Greatest hits album by Reba McEntire
- Released: April 20, 1987
- Recorded: 1984–1987
- Genre: Country
- Length: 32:57
- Label: MCA
- Producer: Various

Reba McEntire chronology
| What Am I Gonna Do About You (1986) | Reba McEntire's Greatest Hits (1987) | The Last One to Know (1987) |

Alternative cover
- 1992 Reissue Cover

= Reba McEntire's Greatest Hits =

Reba McEntire's Greatest Hits is Reba McEntire's first compilation for MCA Records. It covers her hit singles from 1984, 1985 and 1986. No new material was recorded for the album.
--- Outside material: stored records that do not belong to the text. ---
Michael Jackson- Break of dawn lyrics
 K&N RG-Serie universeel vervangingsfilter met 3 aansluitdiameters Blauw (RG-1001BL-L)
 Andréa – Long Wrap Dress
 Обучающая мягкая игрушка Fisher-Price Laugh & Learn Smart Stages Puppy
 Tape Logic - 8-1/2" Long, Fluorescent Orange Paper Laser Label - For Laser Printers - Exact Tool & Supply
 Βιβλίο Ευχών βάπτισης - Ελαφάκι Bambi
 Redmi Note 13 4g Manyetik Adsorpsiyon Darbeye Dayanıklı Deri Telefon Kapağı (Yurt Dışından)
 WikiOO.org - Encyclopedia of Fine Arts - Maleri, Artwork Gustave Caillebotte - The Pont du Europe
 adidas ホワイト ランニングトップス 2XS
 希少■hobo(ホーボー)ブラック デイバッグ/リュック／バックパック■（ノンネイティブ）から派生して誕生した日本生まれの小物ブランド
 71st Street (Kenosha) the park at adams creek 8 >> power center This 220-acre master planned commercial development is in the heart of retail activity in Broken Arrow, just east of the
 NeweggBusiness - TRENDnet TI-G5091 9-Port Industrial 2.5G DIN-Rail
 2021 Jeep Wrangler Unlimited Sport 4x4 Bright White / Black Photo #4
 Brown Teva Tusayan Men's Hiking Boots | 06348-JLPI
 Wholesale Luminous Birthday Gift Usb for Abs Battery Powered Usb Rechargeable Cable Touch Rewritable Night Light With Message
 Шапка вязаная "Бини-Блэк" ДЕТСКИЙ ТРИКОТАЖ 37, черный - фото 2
Greatest Hits peaked at No. 2 on the country album chart and at No. 134 on the Billboard 200. It has sold well over time and is currently certified three-times platinum by the RIAA.

Professional ratings
Review scores
| Source | Rating |
| Allmusic |  |

==Track listing==

| No. | Title | Writer(s) | Length |
|---|---|---|---|
| 1. | "Just a Little Love" | Stephen Allen Davis, Dennis Morgan | 4:06 |
| 2. | "He Broke Your Memory Last Night" | Bucky Jones, Dickey Lee | 2:46 |
| 3. | "How Blue" | John Moffat | 2:41 |
| 4. | "Somebody Should Leave" | Harlan Howard, Chick Rains | 3:33 |
| 5. | "Have I Got a Deal for You" | Michael P. Heeney, Jackson Leap | 2:47 |
| 6. | "Only in My Mind" | Reba McEntire | 3:41 |
| 7. | "Whoever's in New England" | Kendal Franceschi, Quentin Powers | 3:23 |
| 8. | "Little Rock" | Bob DiPiero, Gerry House, Pat McManus | 3:07 |
| 9. | "What Am I Gonna Do About You" | Jim Allison, Doug Gilmore, Bob Simon | 3:28 |
| 10. | "One Promise Too Late" | Dave Loggins, Don Schlitz, Lisa Silver | 3:25 |

==Charts==

===Weekly charts===

| Chart (1987) | Peak position |
|---|---|
| US Billboard 200 | 139 |
| US Top Country Albums (Billboard) | 2 |

===Year-end charts===

| Chart (1987) | Position |
|---|---|
| US Top Country Albums (Billboard) | 20 |
| Chart (1988) | Position |
| US Top Country Albums (Billboard) | 12 |
| Chart (1989) | Position |
| US Top Country Albums (Billboard) | 50 |

==Certifications and sales==

| Region | Certification | Certified units/sales |
| Canada (Music Canada) | Platinum | 100,000^{^} |
| United States (RIAA) | 3× Platinum | 3,000,000^{^} |
^{^} Shipments figures based on certification alone.